周六晚上,丁家人难得聚在一起吃晚饭。
“义体制造公司上季度的良品率报告,你看了吗?”丁瀚像是随口一提,看向儿子问道。
丁列松道:“看了。整体向好,生产部门在优化流程。”
“整体向好。”丁瀚洲重复这四个字,“具体呢?C-17型神经接口的生产线为什么停了两天?研发部提交的关于触觉反馈延迟优化的方案,你批了没有?还有,财务说你们部门上个月采购了一批非标零件,供应商是谁,谁签的字?”
空气被这连珠炮般的问题抽走了温度。
丁列松皱了下眉,犹豫地道:“C-17那条线……是零件供应的问题,我已经让人去跟进了。研发的方案在走流程,采购的事情我不太清楚,要问供应链部门。”
“不太清楚。”丁瀚的筷子“嗒”地搁在筷托上,声音不重,但整张桌子都震了一下,“你是副总,你跟我说不太清楚?”
丁列松低下头。
母亲颜以宁适时开口,声音温软却带着一种不容置疑的偏袒:“松松还年轻,他需要时间上手。你当年不也是从基层做起的吗?”她往儿子碗里夹了一块鱼肉,“松松,多吃点,你最近都瘦了。”
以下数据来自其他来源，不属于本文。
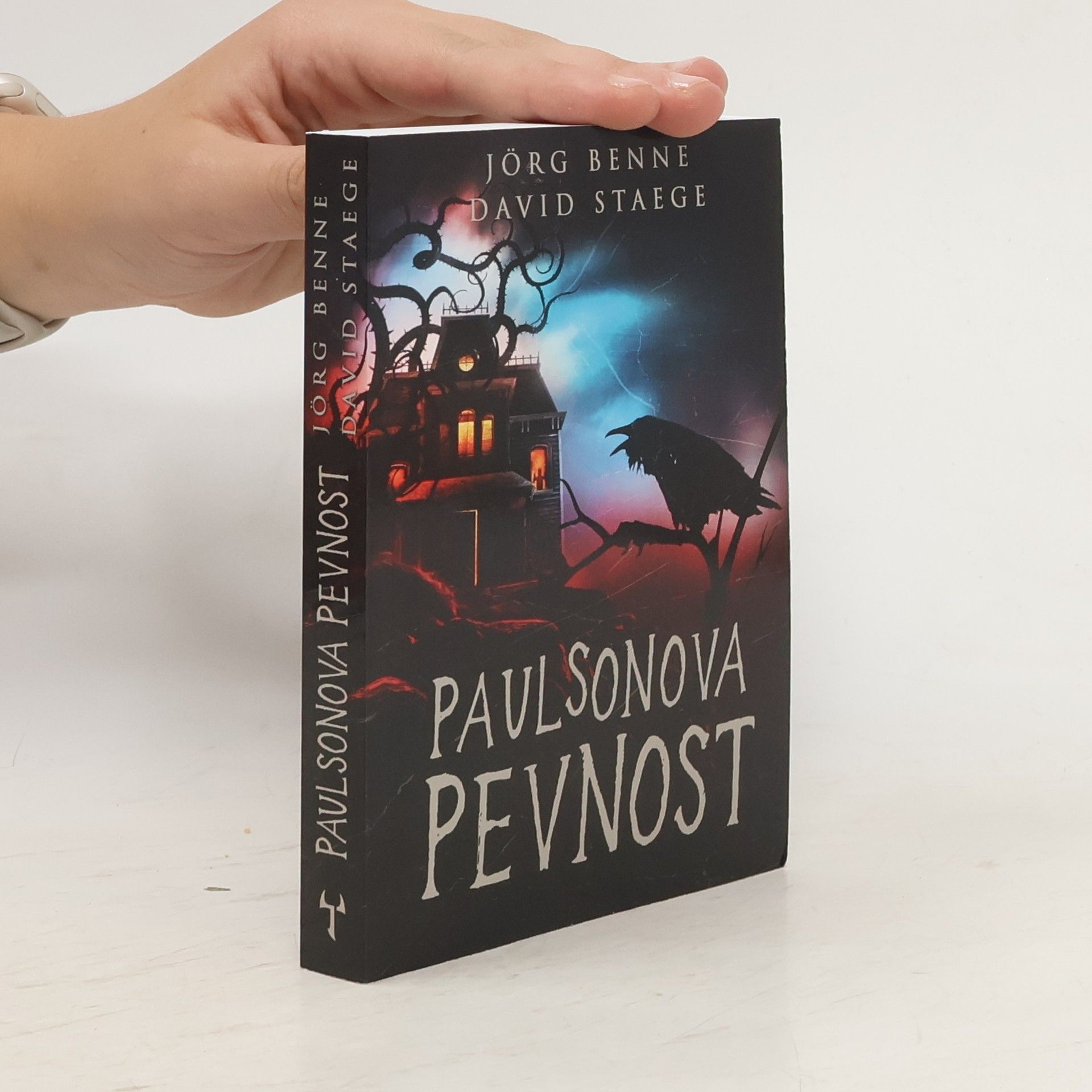 David Staege Paulsonova pevnost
“年轻?”丁远洲冷笑了一声,“他以后是丁家的继承人。一个连自家公司基本数据都答不上来的继承人。”
丁疏意听到这里终于忍不住露出嗤笑,但她很快就用手捂住了,低头继续默不作声地吃饭。
“你笑什么?”丁瀚的视线终于落在长女身上,像一把突然调转方向的枪口。
丁疏意没看他,低头拿勺子搅了搅汤,声音不大,却恰好能让全桌听见:“没什么啊,你看错了吧。”
“丁疏意!”丁瀚沉声道。
“我在。”她抬眼看过去,表情无辜极了,“怎么了,爸爸?”
丁瀚猛地一拍桌子,颜以宁和丁列松都被这突如其来的巨响吓得一抖。
丁瀚伸手指着女儿的脸,怒气冲天:“把手伸出来!”
丁疏意原本漫不经心的表情逐渐收敛起来,淡漠地伸出了自己的右手。
“我问你!你这只手是你的原生手,还是机械改造的义体!”
丁疏意淡淡地道:“你都知道了,还有必要问吗?”
丁瀚怒斥道:“要不是给你做义体组装的那家医院给我报信,我到现在都不知道你瞒着家里,把自己没病没灾,好端端的身体拿去改成机器!”
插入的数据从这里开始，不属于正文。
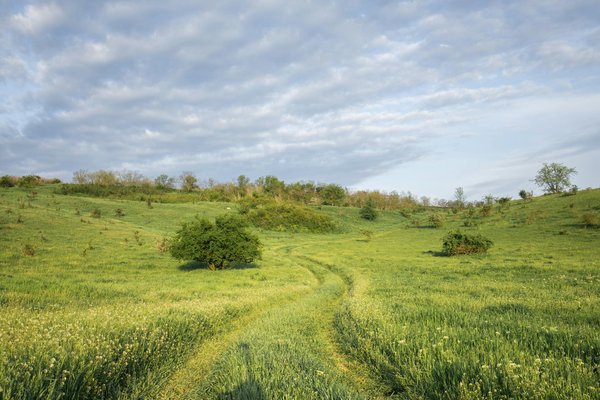 Les campings à Hyères avec accès direct à la plage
“什么?”颜以宁不敢置信地看向女儿,“你装义体了?什么时候的事?怎么没和我们说?”
丁瀚接着斥道:“你改就算了,也不改点好的,非要去装那种名不见经传的小公司的机械零件!你脑子里到底在想什么?你要是得了赛博精神病我看你后不后悔!”
颜以宁接过话头,眼眶已经开始泛红,语速比平时快了一倍:“疏意,你到底在想什么?好好的手脚截了,去装那些来路不明的机械零件!你知不知道小作坊里的义体有多危险?感染、排异、电路短路——你是不是要把自己作践坏了才甘心?”
“就是。”丁列松终于找到一个可以插嘴的方向,“姐,你要是缺钱买正规义体,你可以跟家里说啊,干嘛去那种黑心工坊?那些小作坊做出来的东西,能用吗?”
丁疏意轻笑了一下。
椅子向后推开,在昂贵的大理石地面上发出轻微的摩擦声。
“你们说的黑心小工坊的老板,”她字字清晰地道,“手里有工学学士学位、机械工程硕士学位、义体工程方向的自修认证。开店三年,没有出过一起医疗事故,客户满意度百分之九十七点三。她做的义体神经接口延迟数据,比你们口中‘正规厂商’的旗舰产品还要低百分之十二。”
“那是我开的。”丁疏意说。
五秒钟的死寂。
“那家你们看不上眼的、‘来路不明’的‘黑心作坊’,是我开的。”她一字一顿地道,“我身上的每一件义体,从骨骼到关节,从神经接口到触觉感应阵列,都是我自己设计、自己制造的。”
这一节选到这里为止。